### Assignment
Without including any picture, copy the entries that follow word for word.

=== Begin Enclosure ===

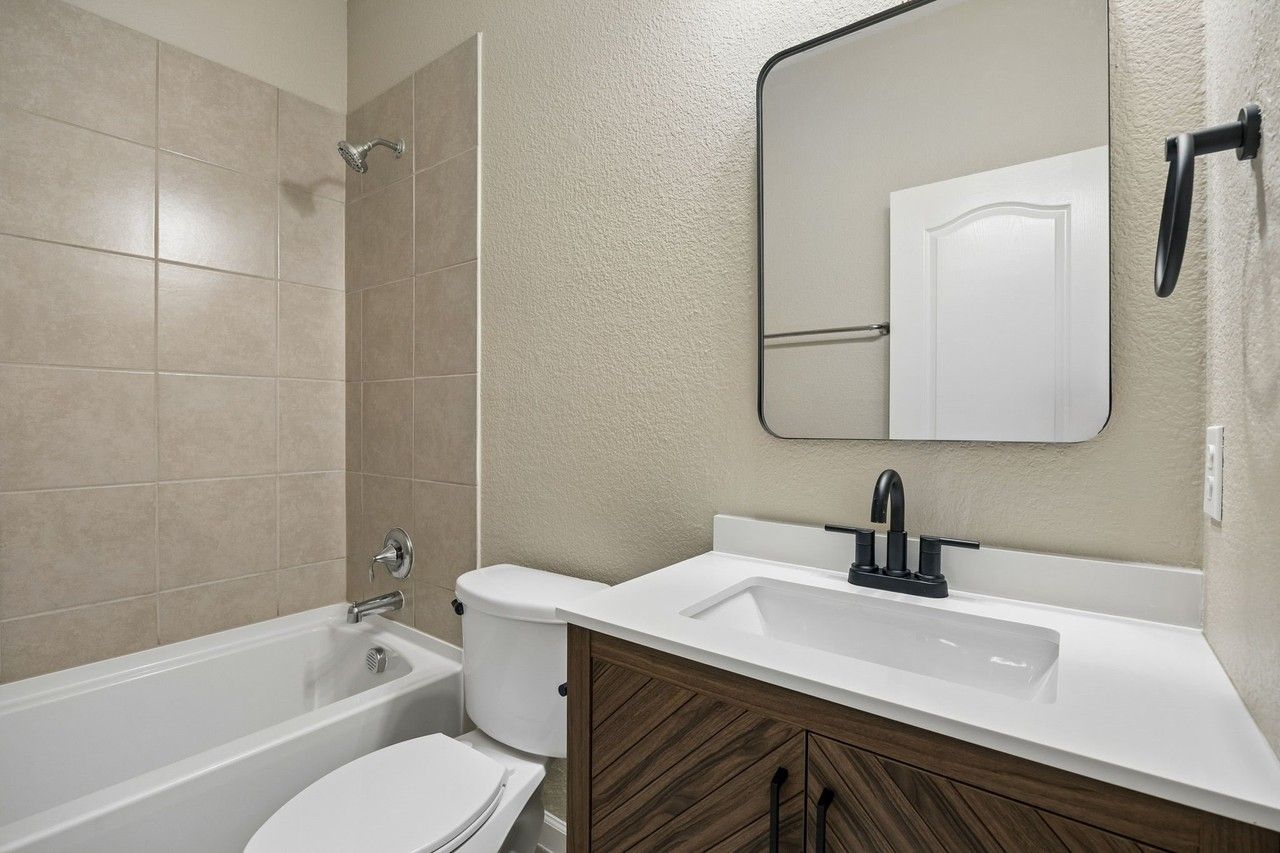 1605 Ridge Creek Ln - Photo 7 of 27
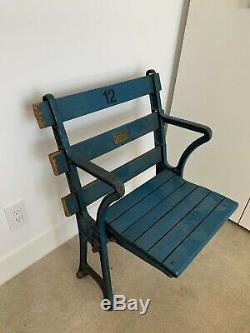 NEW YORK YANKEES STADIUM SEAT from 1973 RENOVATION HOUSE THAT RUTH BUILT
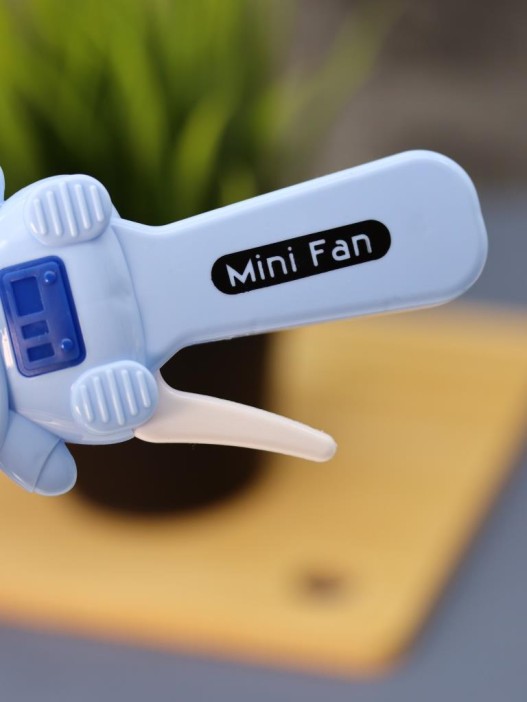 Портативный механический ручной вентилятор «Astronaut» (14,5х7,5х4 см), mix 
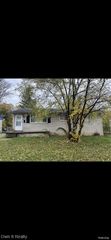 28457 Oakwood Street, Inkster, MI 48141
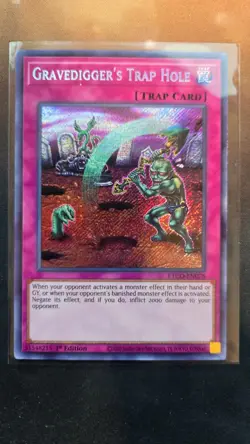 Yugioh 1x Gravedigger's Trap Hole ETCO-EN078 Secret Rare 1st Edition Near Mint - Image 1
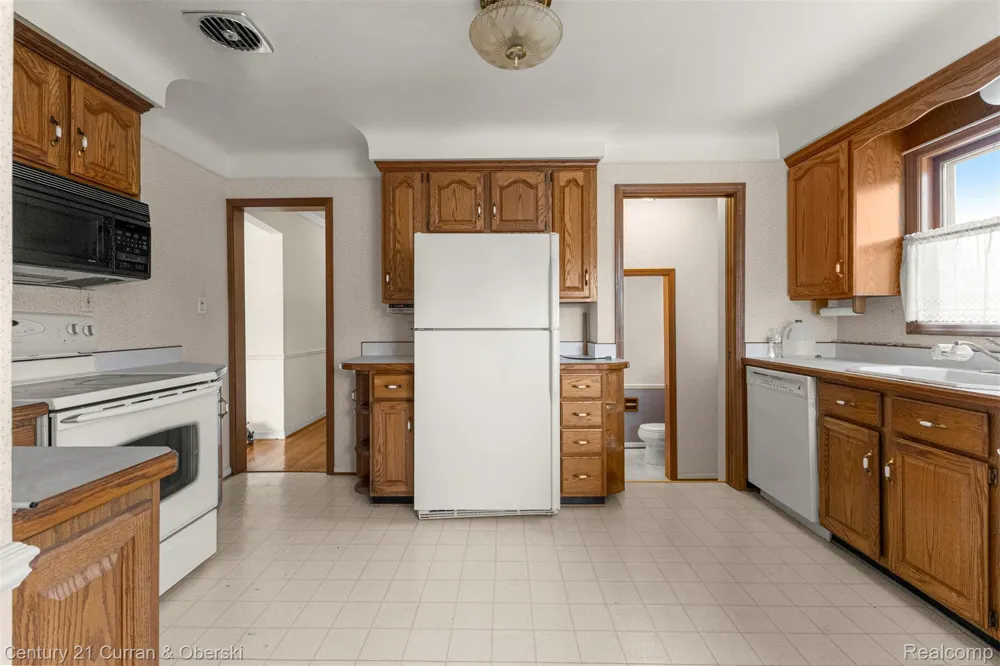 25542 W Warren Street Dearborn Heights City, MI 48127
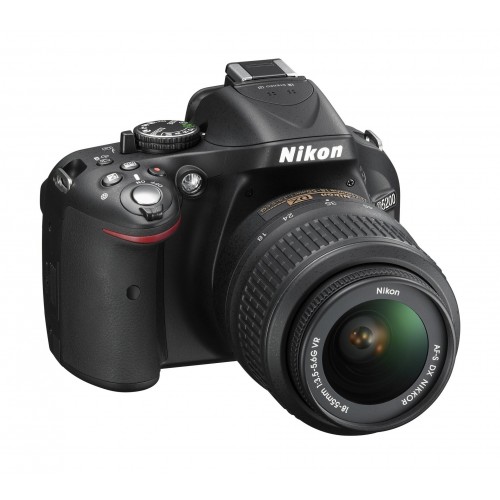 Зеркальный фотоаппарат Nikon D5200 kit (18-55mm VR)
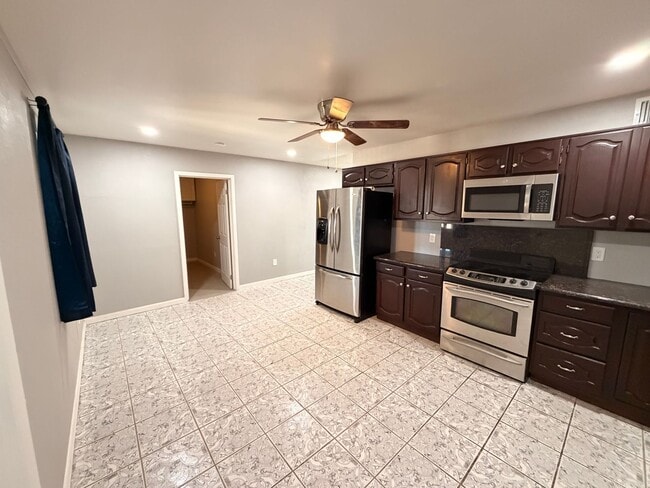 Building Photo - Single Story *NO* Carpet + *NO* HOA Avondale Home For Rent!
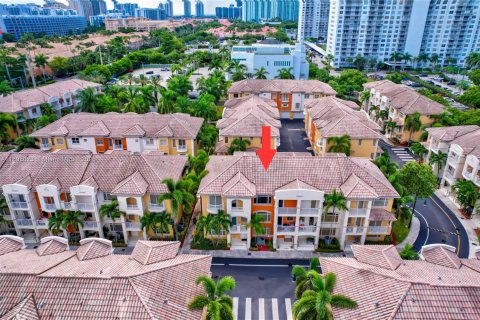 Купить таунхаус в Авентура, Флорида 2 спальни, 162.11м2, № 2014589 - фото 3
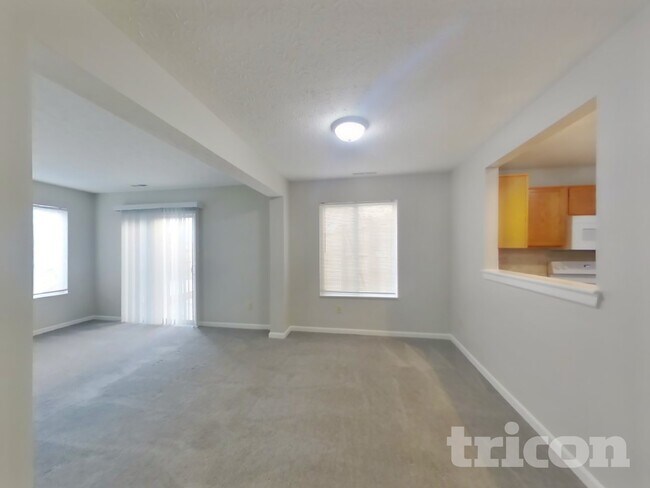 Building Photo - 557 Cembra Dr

=== End Enclosure ===

### Exercise answer
 1605 Ridge Creek Ln - Photo 7 of 27
 NEW YORK YANKEES STADIUM SEAT from 1973 RENOVATION HOUSE THAT RUTH BUILT
 Портативный механический ручной вентилятор «Astronaut» (14,5х7,5х4 см), mix 
 28457 Oakwood Street, Inkster, MI 48141
 Yugioh 1x Gravedigger's Trap Hole ETCO-EN078 Secret Rare 1st Edition Near Mint - Image 1
 25542 W Warren Street Dearborn Heights City, MI 48127
 Зеркальный фотоаппарат Nikon D5200 kit (18-55mm VR)
 Building Photo - Single Story *NO* Carpet + *NO* HOA Avondale Home For Rent!
 Купить таунхаус в Авентура, Флорида 2 спальни, 162.11м2, № 2014589 - фото 3
 Building Photo - 557 Cembra Dr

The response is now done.